Browser stats
15 July, 2009This post was originally published on The University of Bath's Web Services Blog.
So, with the news that YouTube Will Be Next To Kiss IE6 Support Goodbye and the recent release of Firefox 3.5 and Internet Explorer 8 I thought I'd take a moment to look at the browsers that visitors to the University of Bath's website are using.
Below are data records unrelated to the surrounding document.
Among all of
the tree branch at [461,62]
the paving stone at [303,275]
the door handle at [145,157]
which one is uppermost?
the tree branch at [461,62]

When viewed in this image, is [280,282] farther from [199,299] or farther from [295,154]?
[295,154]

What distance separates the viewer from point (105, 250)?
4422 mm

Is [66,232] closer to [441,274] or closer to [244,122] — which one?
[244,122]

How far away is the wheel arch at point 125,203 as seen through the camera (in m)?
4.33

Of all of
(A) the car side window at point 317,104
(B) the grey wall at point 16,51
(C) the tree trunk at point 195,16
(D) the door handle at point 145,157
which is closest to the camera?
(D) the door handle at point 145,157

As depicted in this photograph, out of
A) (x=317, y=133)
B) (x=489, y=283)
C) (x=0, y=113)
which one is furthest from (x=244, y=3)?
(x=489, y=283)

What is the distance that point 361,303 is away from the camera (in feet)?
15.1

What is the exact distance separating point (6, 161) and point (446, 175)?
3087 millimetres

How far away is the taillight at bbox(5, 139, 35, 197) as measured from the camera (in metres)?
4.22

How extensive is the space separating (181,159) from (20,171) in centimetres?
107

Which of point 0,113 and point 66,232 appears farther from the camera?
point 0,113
We use Google Analytics to track a significant portion of visits to pages on our site but with tens of thousands of pages and hundreds and hundreds of templates, we don't track everything*. I'm rather hopeful that the following figures, derived from site visits between the 1st and 30th of June, are representative nevertheless!
External visitors:
Browser | % of visitors using it | Internet Explorer | 64.61% (IE6 = 21%, IE7 = 65%, IE8 = 14%)
---|---
Firefox | 23.83% (almost all 3.x series on Windows)
Safari | 7.35% (almost all on Mac)
Chrome | 2.98%
Opera | 0.73%
Internal visitors:
Browser | % of visitors using it | Internet Explorer | 72.31% (IE6 = 13%, IE7 = 78%, IE8 = 9%)
---|---
Firefox | 19.55% (almost all 3.x series on Windows)
Safari | 5.07% (almost all on Mac)
Chrome | 2.13%
Opera | 0.50%
These numbers seem to suggest that we need to review our current browser support matrix to accommodate the high IE6 usage among both the internal and external audiences (~9% and ~13% respectively, although I do hope that we can identify some of the internal perpetrators!). This is slightly disappointing given the fact that IE6 is now eight years old and has bugs that make even the most determined of exterminators squeal but these numbers should only get lower and lower over time, reducing our maintenance burden, and increasing the number of things we can do on the site.
Footnote: We do run Analog over our Apache server logs which does monitor every single page, but the browser report there doesn't get grouped quite as nicely and the stats are harder to summarise which is why we tend to prefer Google Analytics. All of the sites which have moved to our CMS do of course have the Google Analytics tracking code!
Update : Mike Nolan from Edge Hill University has published the corresponding browser usage statistics for their webpages, showing a similar pattern.